*** EXTRACTED MATERIAL Section Begins ***

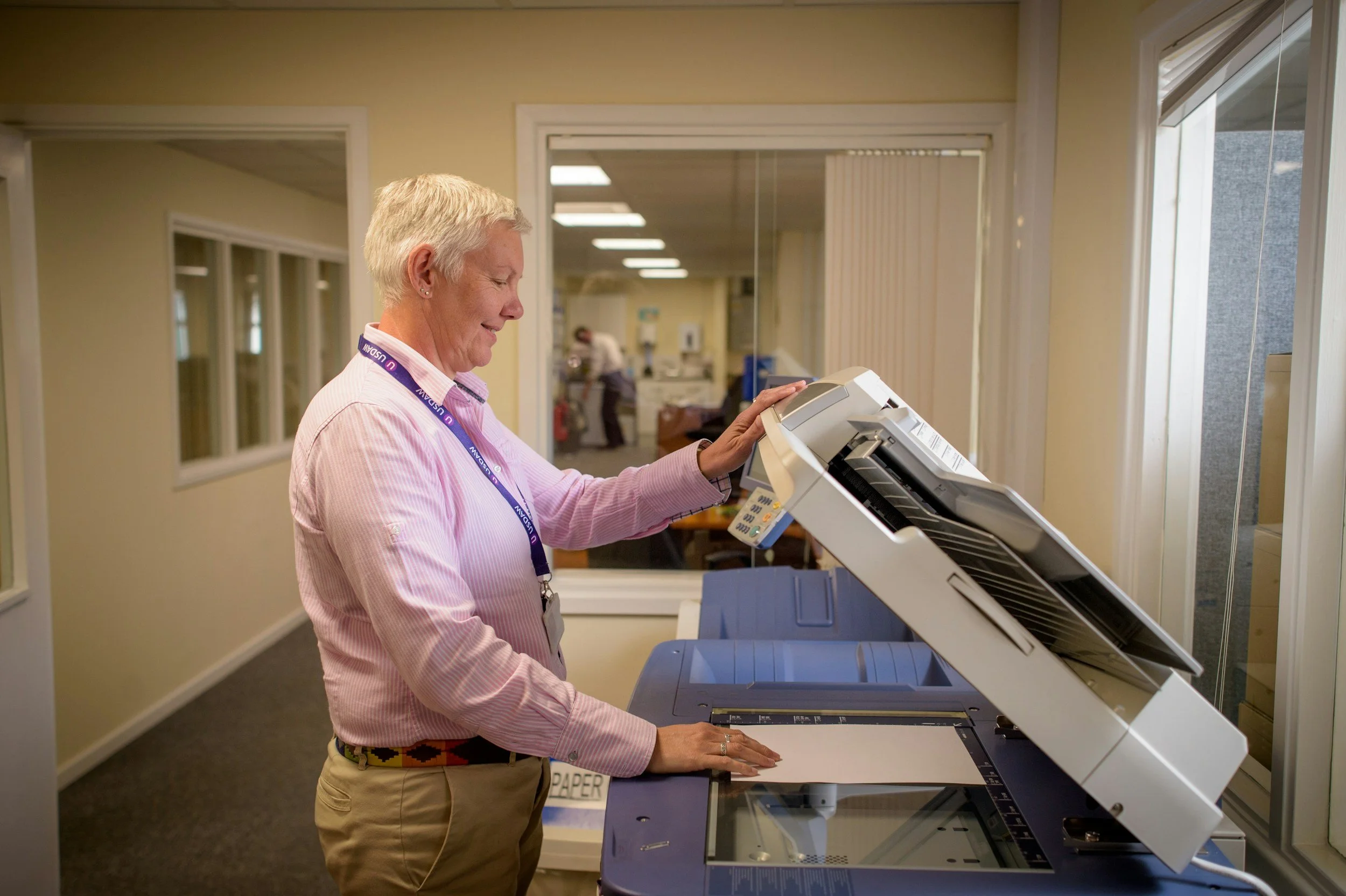 A woman in a pink striped shirt and beige pants using a photocopier or scanner machine in an office environment.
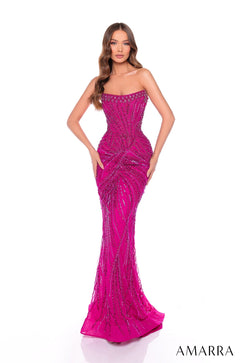 A strapless hot pink sequin mermaid gown with intricate beaded geometric patterns that hug the body's curves.
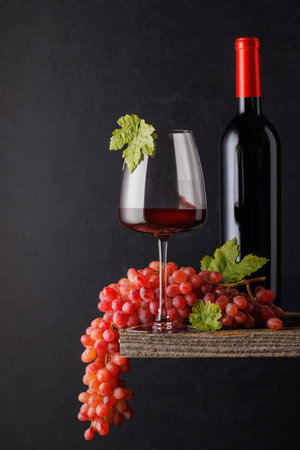 A glass and bottle of wine paired with grapes, set against a dark background, creating a rich and elegant ambianceの写真素材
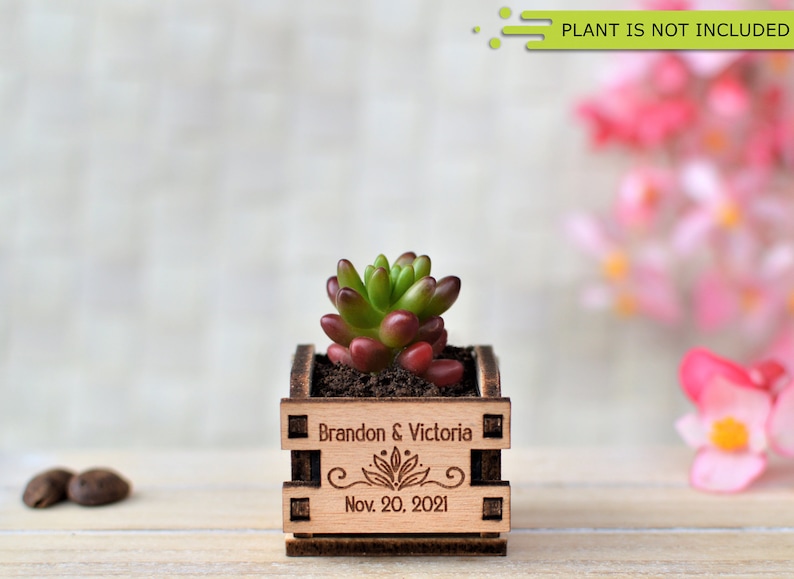 Engraved personalized mini pots, used for wedding favors, rustic style wedding decorations and your home. It is made of wood, with a succulent plant on a wooden table decorated with flowers. An excellent gift for guests and all your loved ones.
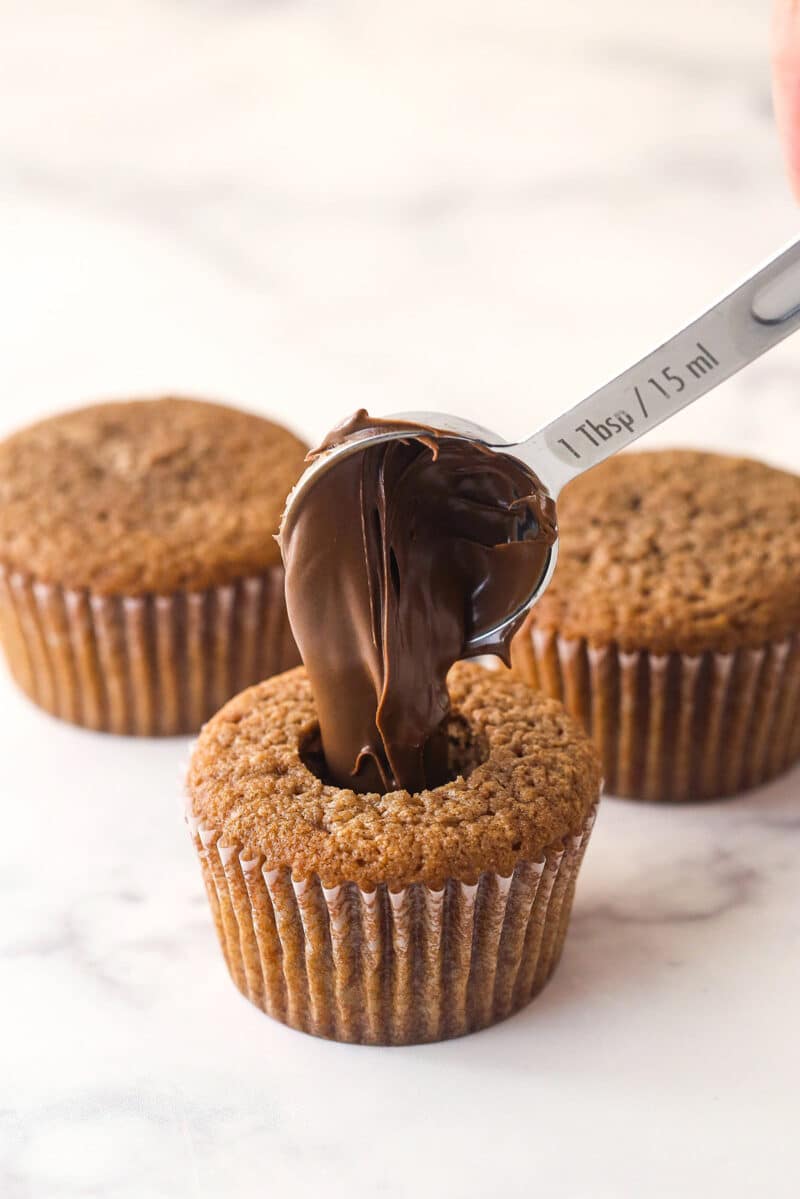 Filling a Nutella cupcake with Nutella.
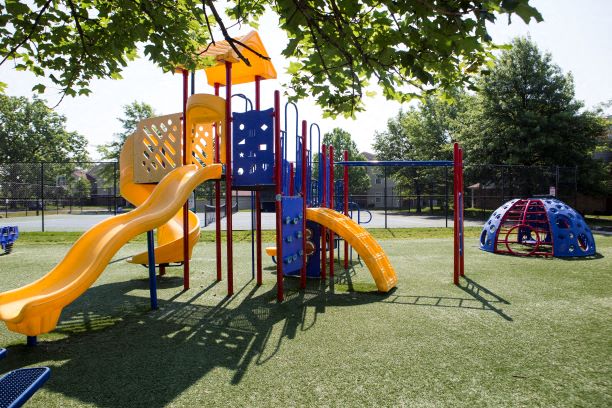 a playground with a slide and other toys in a park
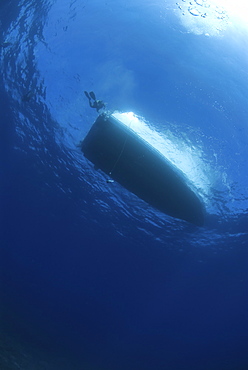 Dive boat silhoutte against surface, Cayman Islands, Caribbean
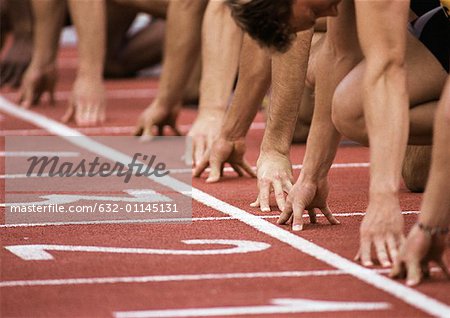 Male runners at starting line, low section, close-up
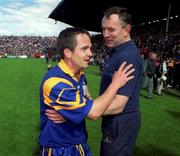 6 June 1999; Davy Fitzgerald of Clare with trainer Michael McNamara following the Guinness Munster Senior Hurling Championship semi-final match between Clare and Tipperary at Páirc Uí Chaoimh in Cork. Photo by Ray McManus/Sportsfile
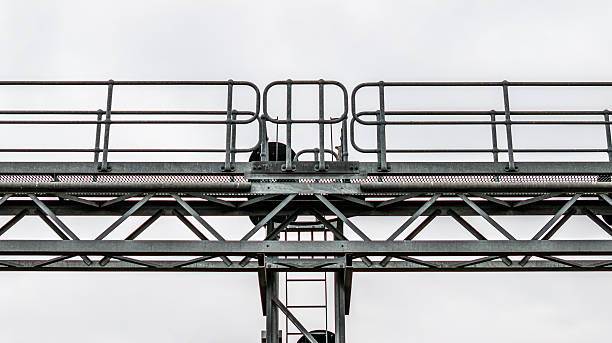 istock close-up drone view of truss frame on a train signal gantry 2207463347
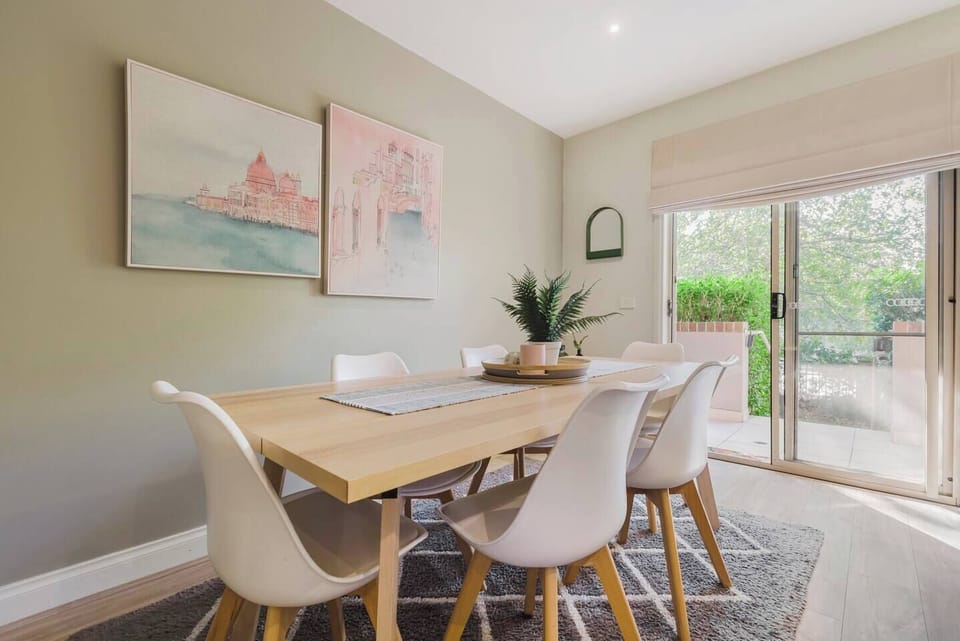 Enjoy a delicious home cooked meal at the six-seater wooden dining table large enough for the whole family.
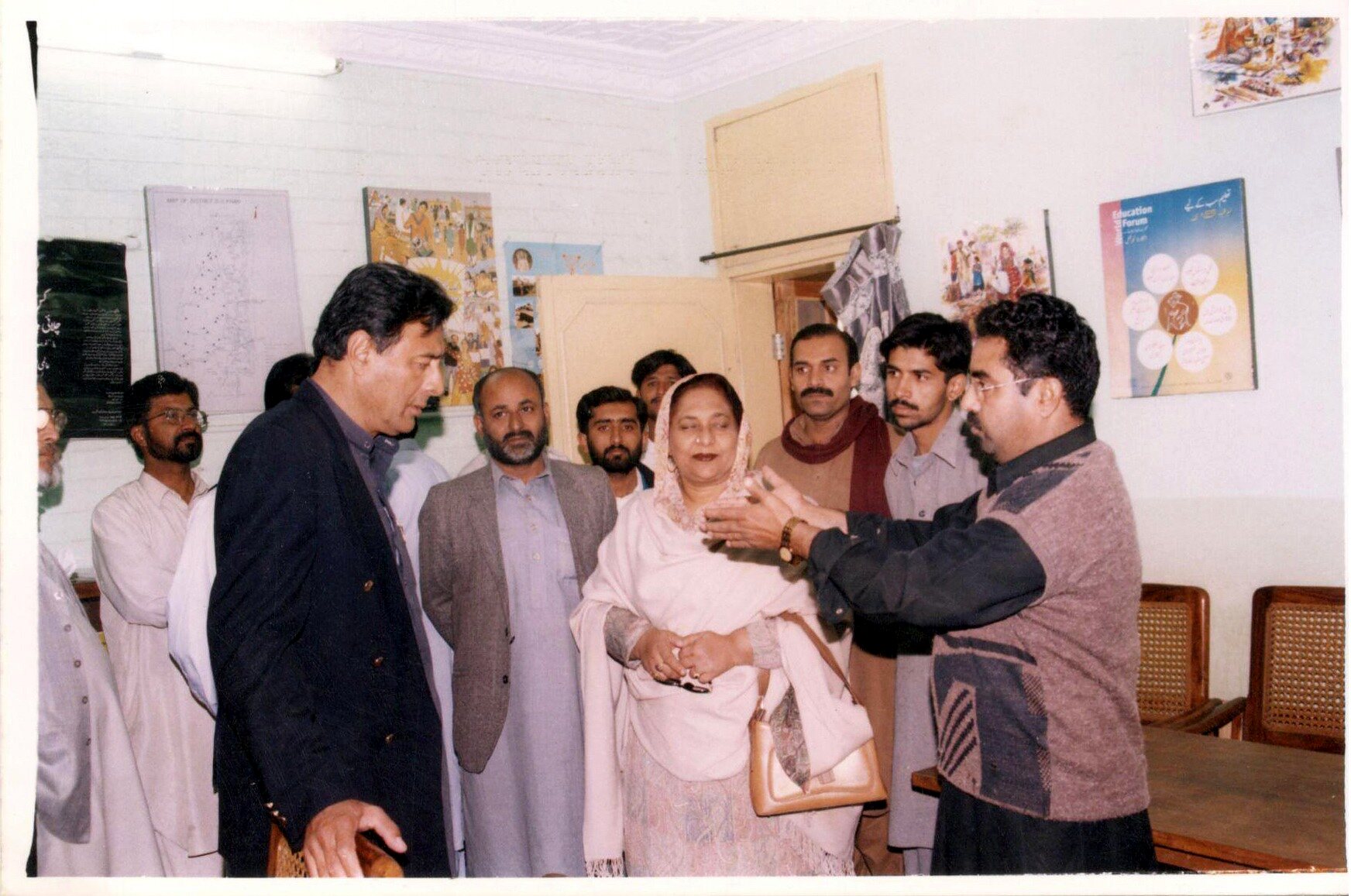 Programme participant receiving recognition at a community event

*** EXTRACTED MATERIAL Section Ends ***

## THE PROBLEM:
The answer must be the entries above, printed exactly, with no pictures.

## FINAL ANSWER:
 A woman in a pink striped shirt and beige pants using a photocopier or scanner machine in an office environment.
 A strapless hot pink sequin mermaid gown with intricate beaded geometric patterns that hug the body's curves.
 A glass and bottle of wine paired with grapes, set against a dark background, creating a rich and elegant ambianceの写真素材
 Engraved personalized mini pots, used for wedding favors, rustic style wedding decorations and your home. It is made of wood, with a succulent plant on a wooden table decorated with flowers. An excellent gift for guests and all your loved ones.
 Filling a Nutella cupcake with Nutella.
 a playground with a slide and other toys in a park
 Dive boat silhoutte against surface, Cayman Islands, Caribbean
 Male runners at starting line, low section, close-up
 6 June 1999; Davy Fitzgerald of Clare with trainer Michael McNamara following the Guinness Munster Senior Hurling Championship semi-final match between Clare and Tipperary at Páirc Uí Chaoimh in Cork. Photo by Ray McManus/Sportsfile
 istock close-up drone view of truss frame on a train signal gantry 2207463347
 Enjoy a delicious home cooked meal at the six-seater wooden dining table large enough for the whole family.
 Programme participant receiving recognition at a community event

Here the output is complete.